[Source data]
Content starts

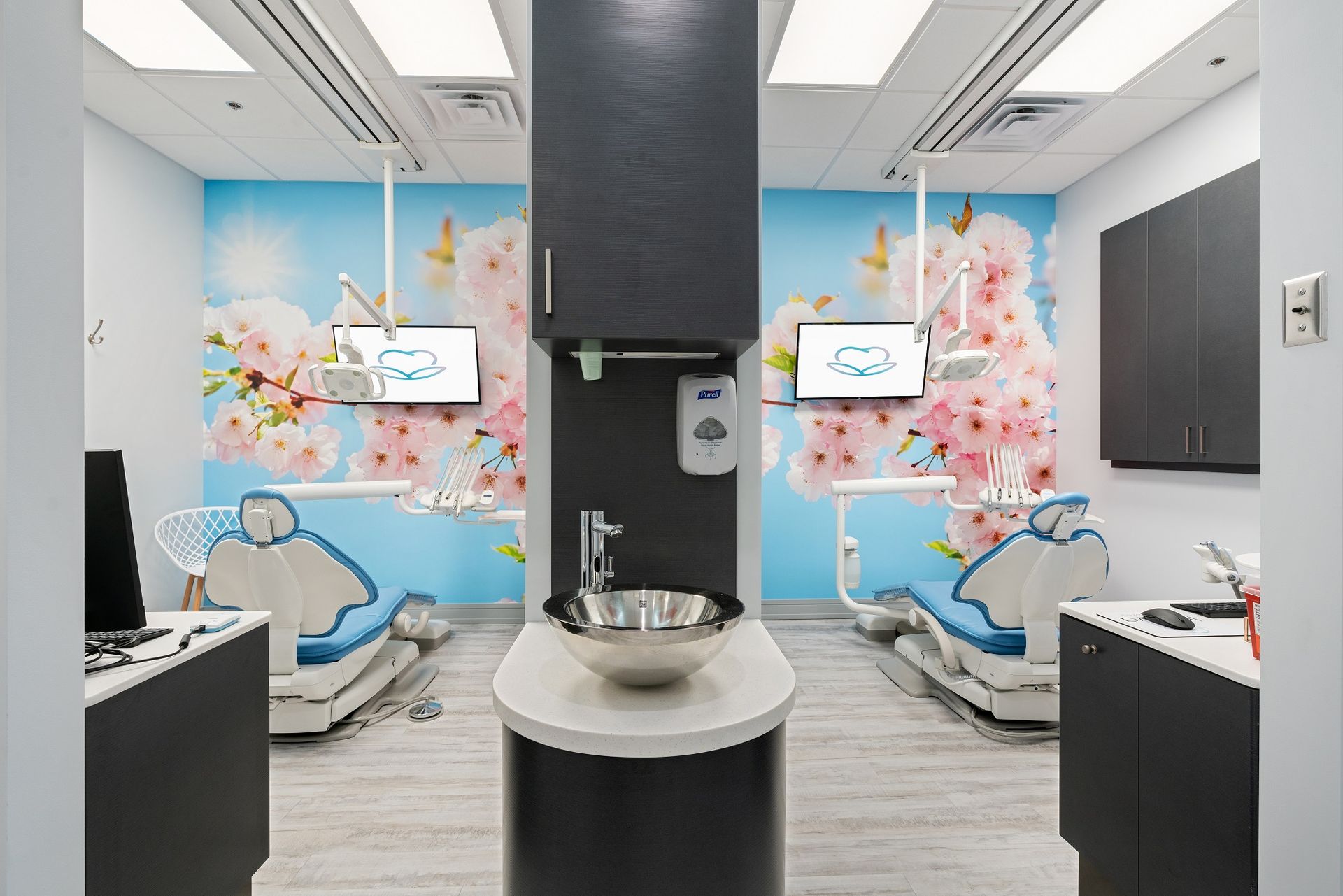 A dental office with two dental chairs and a sink.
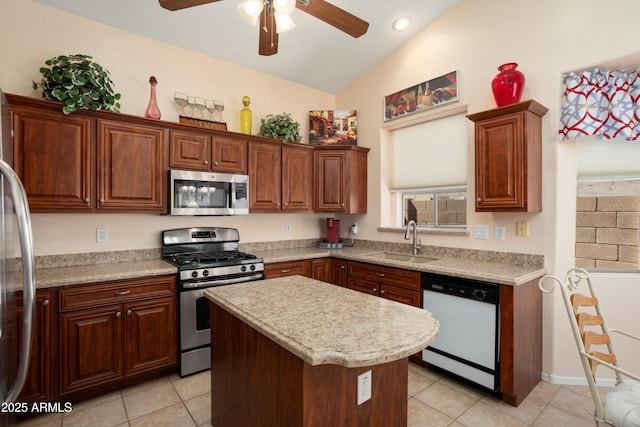 kitchen with a kitchen island, vaulted ceiling, stainless steel appliances, a sink, and light tile patterned flooring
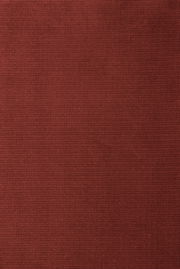 Nahaufnahme eines roten Stoffes mit feiner Textur, von oben betrachtet.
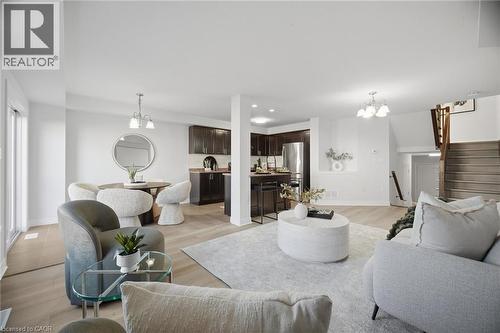 Open-concept living area featuring wood-finish flooring, recessed lighting, and a modern chandelier - 98 Bloom Crescent, Stoney Creek, ON 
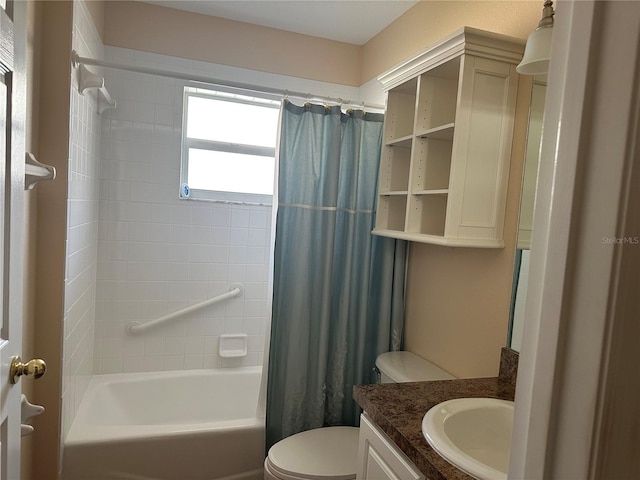 full bathroom with vanity, toilet, and shower / tub combo with curtain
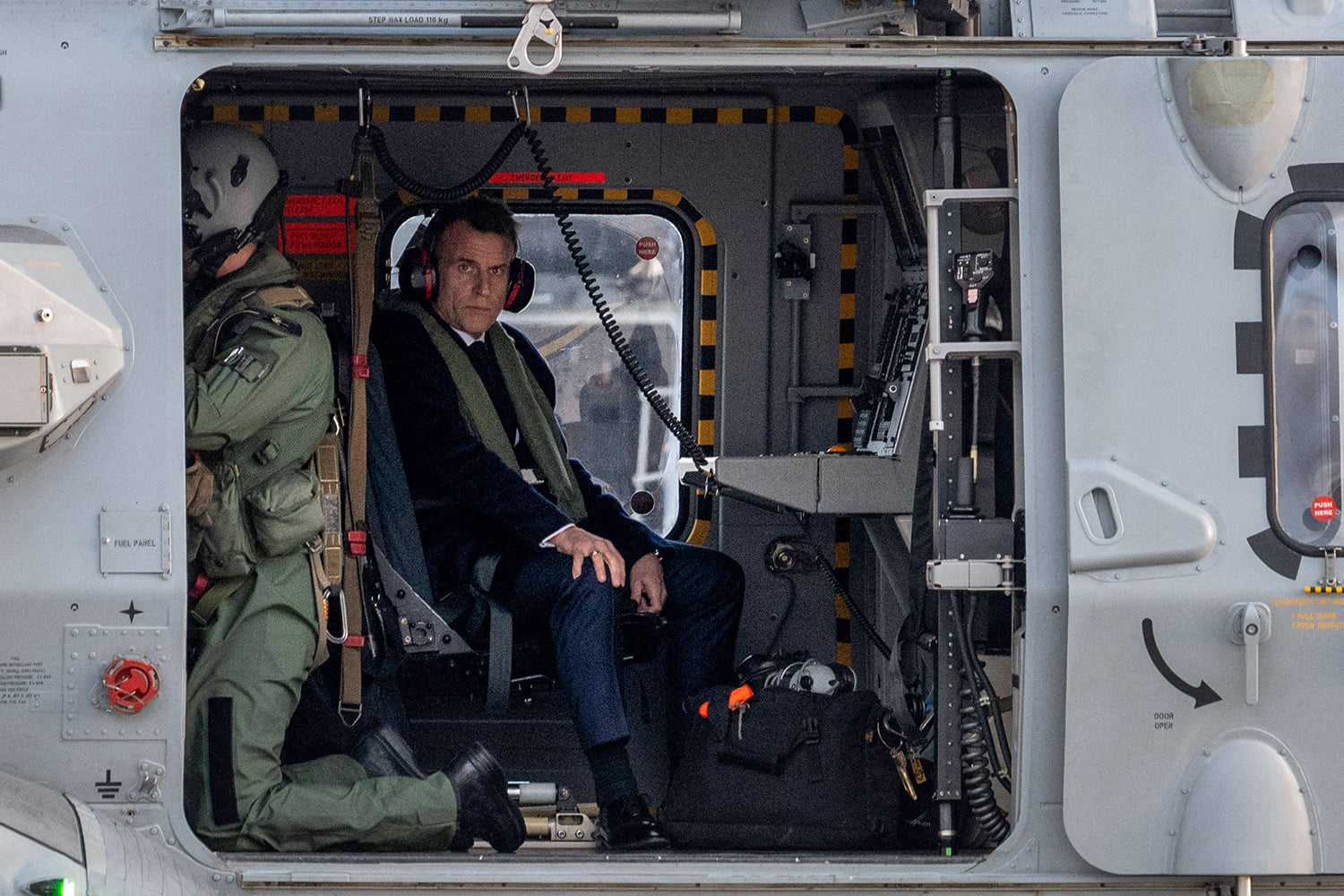 A man in a suit and noise-canceling headphones sits inside the open side door of a military helicopter next to a crew member wearing flight gear.
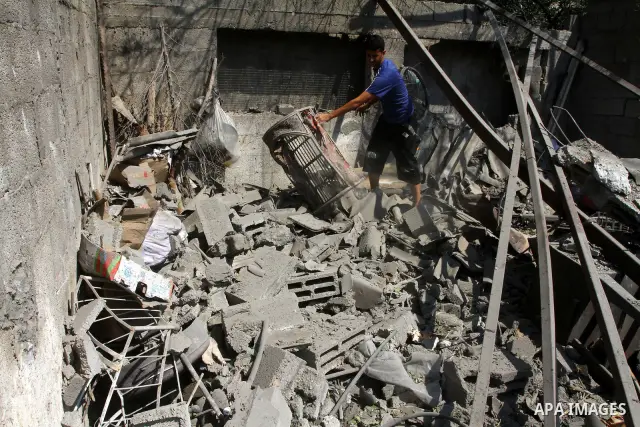 A Palestinian man inspects damages in Beit Hanun in the northern Gaza Strip on July 17, 2011 as seven people were wounded by what Palestinian medical sources said was an Israeli air strike, but Israel denied it had carri...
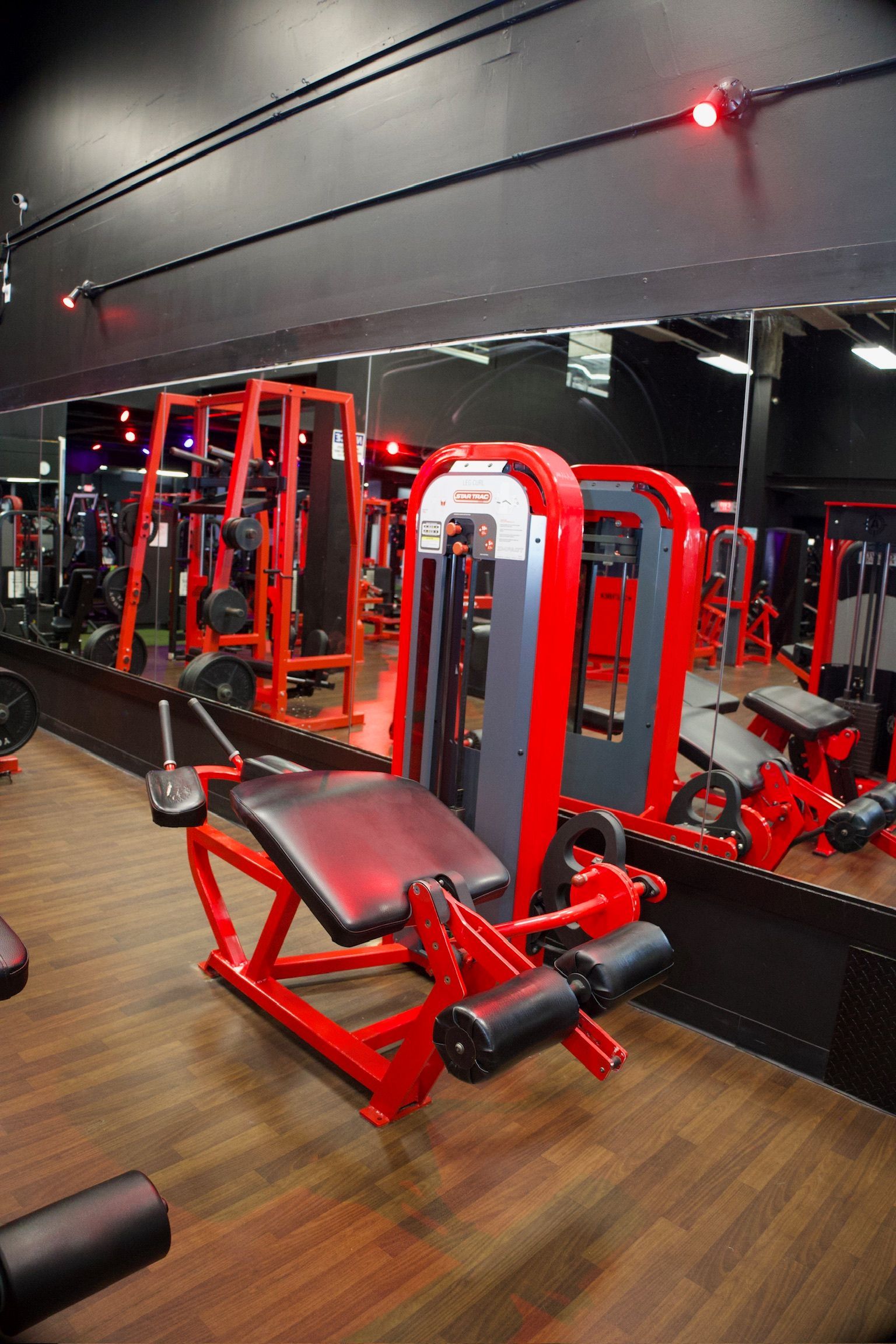 Red and gray leg extension machine in a gym with other weight machines and a large mirror.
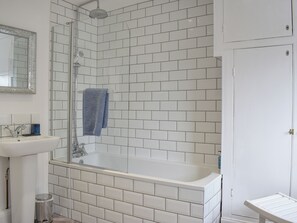 A bathroom with a white tiled shower, a bathtub, a sink, and a mirror.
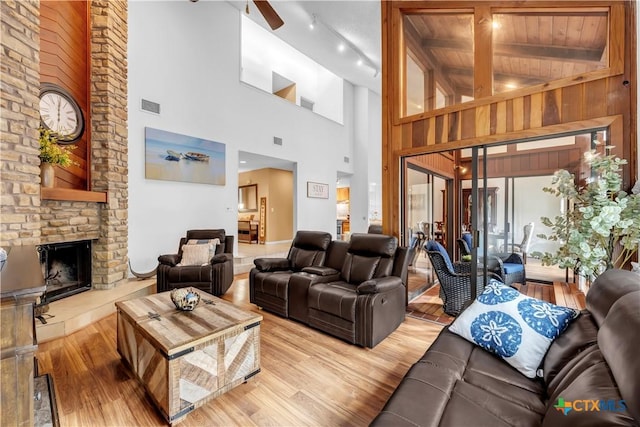 living room with hardwood / wood-style floors, beam ceiling, a fireplace, and high vaulted ceiling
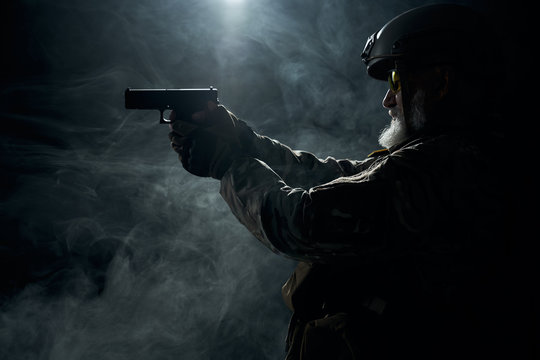 Old Military Officer Pointing With Gun.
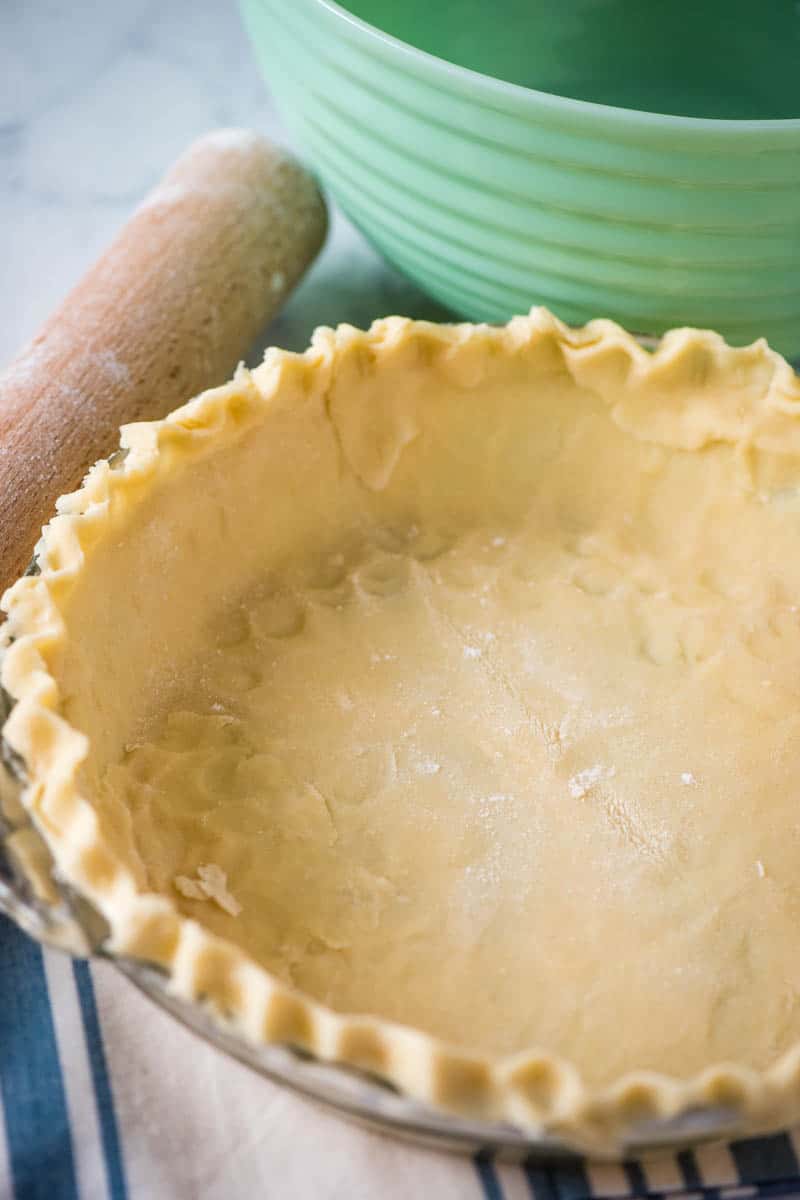 Butter pie crust in glass pie plate on blue striped white kitchen towel with wooden rolling pin and green mixing bowl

Content ends

_Work task_:
For the entries above, the output must hold exactly the lines from the one with "Red and gray" through the last line, both included, and no pictures.

_Answer to the exercise_:
 Red and gray leg extension machine in a gym with other weight machines and a large mirror.
 A bathroom with a white tiled shower, a bathtub, a sink, and a mirror.
 living room with hardwood / wood-style floors, beam ceiling, a fireplace, and high vaulted ceiling
 Old Military Officer Pointing With Gun.
 Butter pie crust in glass pie plate on blue striped white kitchen towel with wooden rolling pin and green mixing bowl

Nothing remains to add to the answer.